A current focus of cancer research is cancer stem cells that have been proposed to be tumour initiating cells. CD133 has been used as a marker to identify the cancer stem cell population for a variety of malignancies.12 13 15 16 Cancer neural stem cells have been identified and isolated through the CD133 marker.13 It has been reported that CD133-positive cells in colorectal cancer exhibit properties of self-renewal activity and high tumourigenic potential.11 12 However, it has also been reported that CD133 expression is not restrict to stem cells, and both CD133-positive and CD133-negative subsets of human metastatic colon cancer exhibit long-term tumourigenic potential.39 40 In this study a positive expression of CD133 was found in 54.7% patients who had a worse prognosis than CD133-negative patients, suggesting that CD133-positive cells may contain more cancer stem-like cells. Currently, the function of CD133 is unclear. The presence of five tyrosine residues on the cytoplasmic tail may indicate that the protein is phosphorylated in response to ligand binding and initiates a signal transduction cascade. Its presence on early, undifferentiated cells is suggestive of a growth factor receptor.9 Our study demonstrated that CD133 expression was commonly up-regulated in colorectal cancer. Furthermore, it was seen more frequently in advanced colorectal cancer. It is suggested that CD133 may play an important role in the development and progression of the tumour. It was also found that CD133 appeared as one significant independent prognostic factor. Ki-67 is a well recognised nuclear antigen-specific marker of cellular proliferation, and is mainly used to evaluate the activity of proliferation. It is already used in pathological diagnosis. The results concerning Ki-67 in our study were in accordance with previous studies.41 42

This research shows that the expression of EphA3 and CD133 in carcinoma was significantly higher than that in normal mucosal tissues by immunohistochemistry.
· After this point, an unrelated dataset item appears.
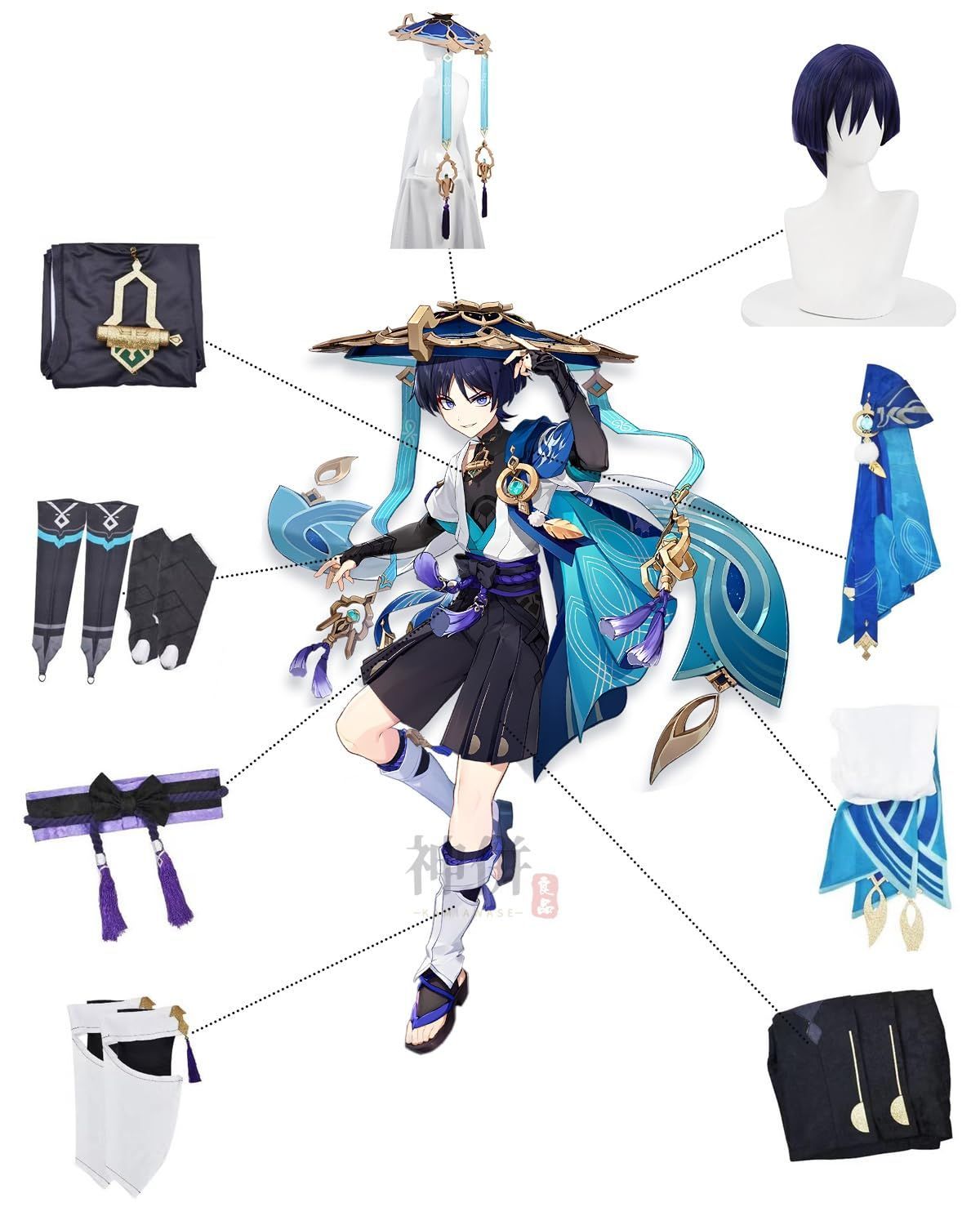 原神 コスプレ 三分妄想 傾奇者 スカラマシュ フルセット ウィッグ 新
This result was verified by western blot analysis. Furthermore, the expressions of EphA3, CD133 and Ki-67 were positively correlated with each other, implying higher putative proliferative activity in EphA3 and CD133-positive cancer cells. Although the detailed molecular mechanism involved in this process is unclear, our study has potentially clinical benefits. EphA3 and CD133 expression that could be detected by immunohistochemistry may be a useful molecular marker to predict prognosis. The combined detection of EphA3, CD133 and Ki-67 expression, to some extent, can reflect the biological behaviour of colorectal cancer cells, thus guiding the choice of chemotherapy and molecular targeting therapy in selected colorectal carcinoma patients.

Take-home messages

  • The expression of EphA3 and CD133 in carcinoma was significantly higher than that in normal mucosal tissue. Both were positively correlated with tumour size, histological grade, infiltrative depth, lymph node metastasis, distant metastasis and TNM stage.

  • EphA3 and CD133 expression appeared as significant independent prognostic factors for clinical outcome in patients with colorectal cancer.
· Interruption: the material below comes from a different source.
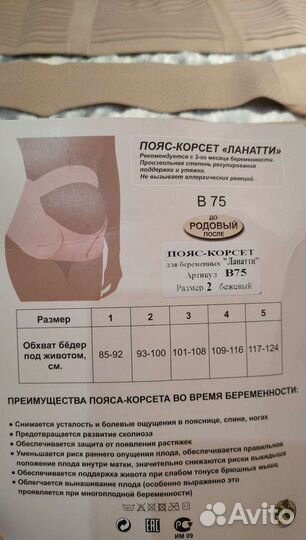 Бандаж для беременных и после родов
  • There are positive correlations between EphA3, CD133 and Ki-67.

  • Detecting the EphA3 and CD133 expression levels of colorectal cancer patients can be used to identify a subgroup of patients with poor outcome. EphA3 and CD133 may be useful targets for therapeutic intervention in selected colorectal carcinoma patients.

Acknowledgments

We greatly appreciate the excellent technical assistance of all the staff of the molecular pathology laboratory, Chinese People's Liberation Army General Hospital.

Footnotes

  • Competing interests None.

  • Ethics approval This study was conducted with the approval of the Chinese People's Liberation Army General Hospital Research Ethics Committee and informed consent was obtained according to the committee's regulations and the Declaration of Helsinki.

  • Provenance and peer review Not commissioned; externally peer reviewed.